== Exercise instructions ==
Since the copy must match the original, write out each record word for word, skipping only the pictures.

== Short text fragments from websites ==

• • • •

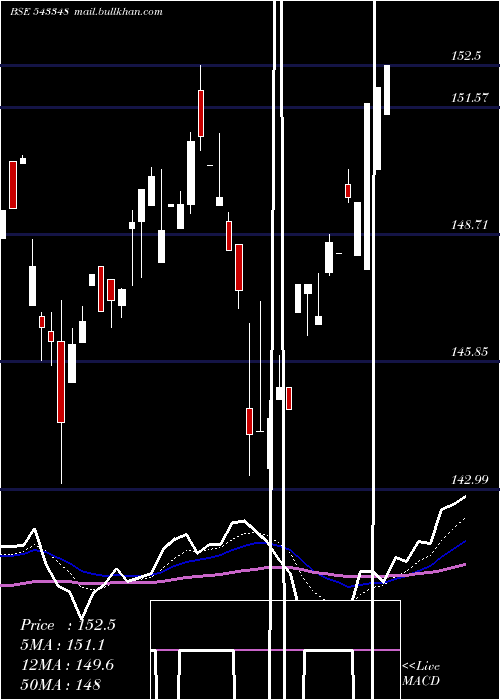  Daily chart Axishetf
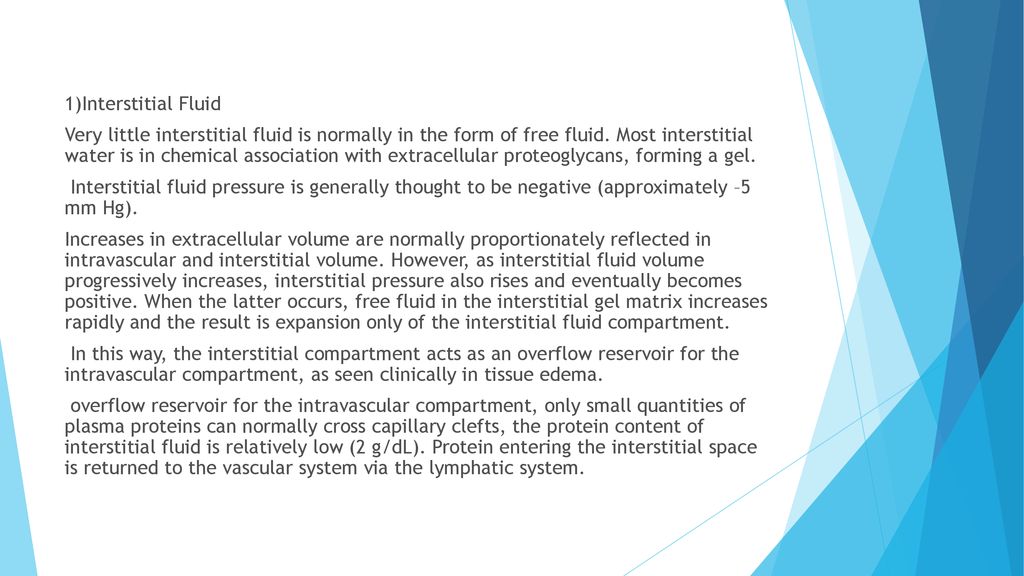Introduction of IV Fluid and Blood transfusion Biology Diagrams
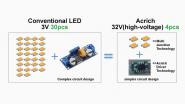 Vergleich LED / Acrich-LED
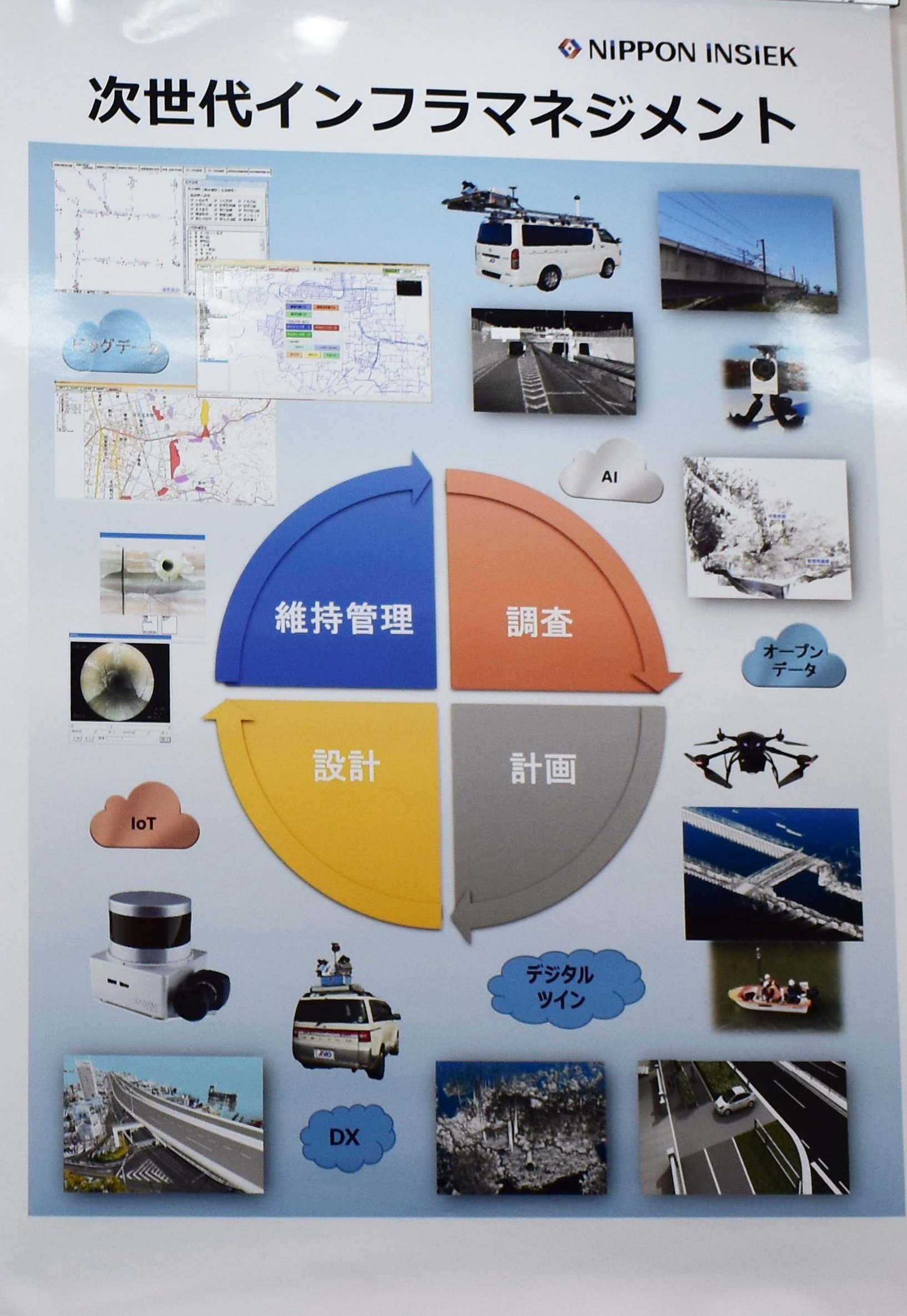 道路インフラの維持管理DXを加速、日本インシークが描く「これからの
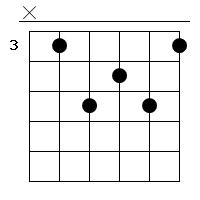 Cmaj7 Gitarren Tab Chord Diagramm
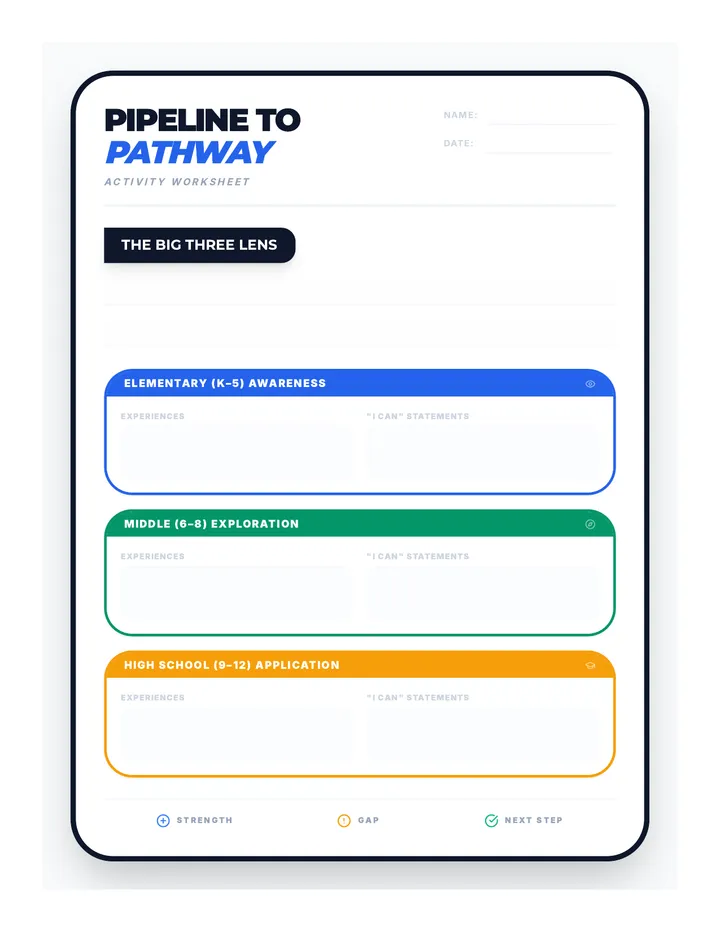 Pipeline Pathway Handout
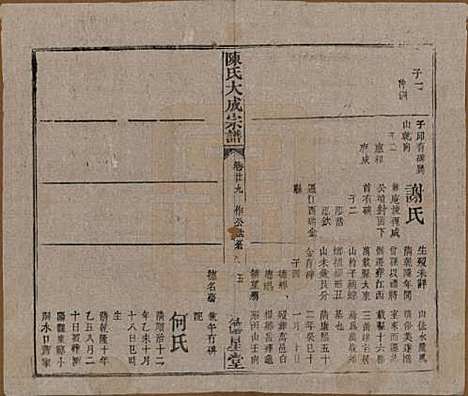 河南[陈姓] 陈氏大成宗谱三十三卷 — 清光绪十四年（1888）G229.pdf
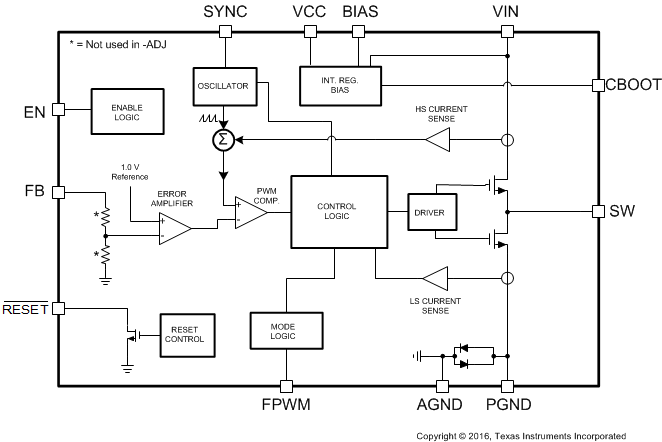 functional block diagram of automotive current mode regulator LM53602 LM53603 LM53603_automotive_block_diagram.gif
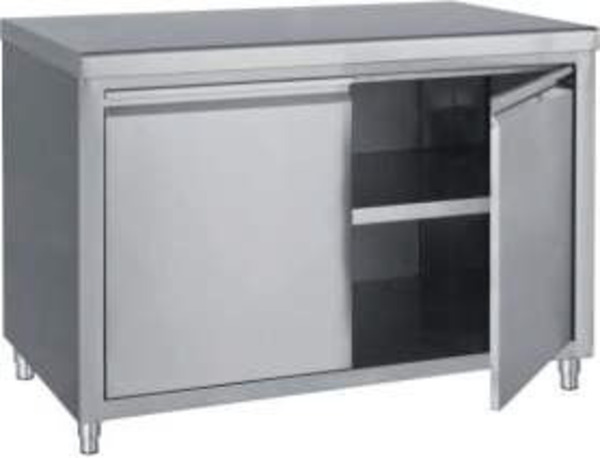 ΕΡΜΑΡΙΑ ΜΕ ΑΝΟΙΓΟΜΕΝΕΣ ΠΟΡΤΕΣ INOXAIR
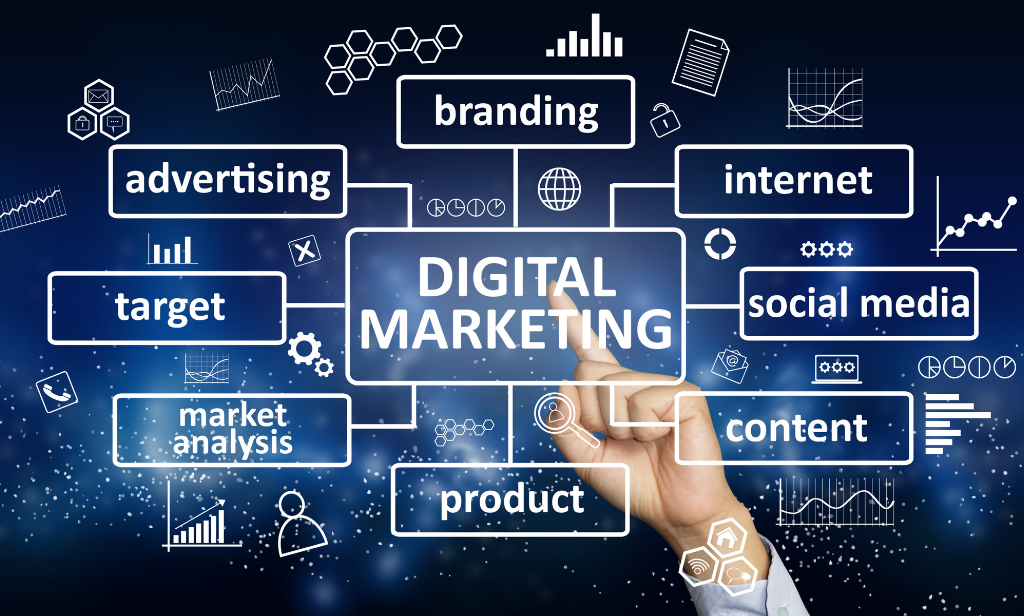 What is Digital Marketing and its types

• • • •

== Expected answer ==
  Daily chart Axishetf
Introduction of IV Fluid and Blood transfusion Biology Diagrams
 Vergleich LED / Acrich-LED
 道路インフラの維持管理DXを加速、日本インシークが描く「これからの
 Cmaj7 Gitarren Tab Chord Diagramm
 Pipeline Pathway Handout
 河南[陈姓] 陈氏大成宗谱三十三卷 — 清光绪十四年（1888）G229.pdf
 functional block diagram of automotive current mode regulator LM53602 LM53603 LM53603_automotive_block_diagram.gif
 ΕΡΜΑΡΙΑ ΜΕ ΑΝΟΙΓΟΜΕΝΕΣ ΠΟΡΤΕΣ INOXAIR
 What is Digital Marketing and its types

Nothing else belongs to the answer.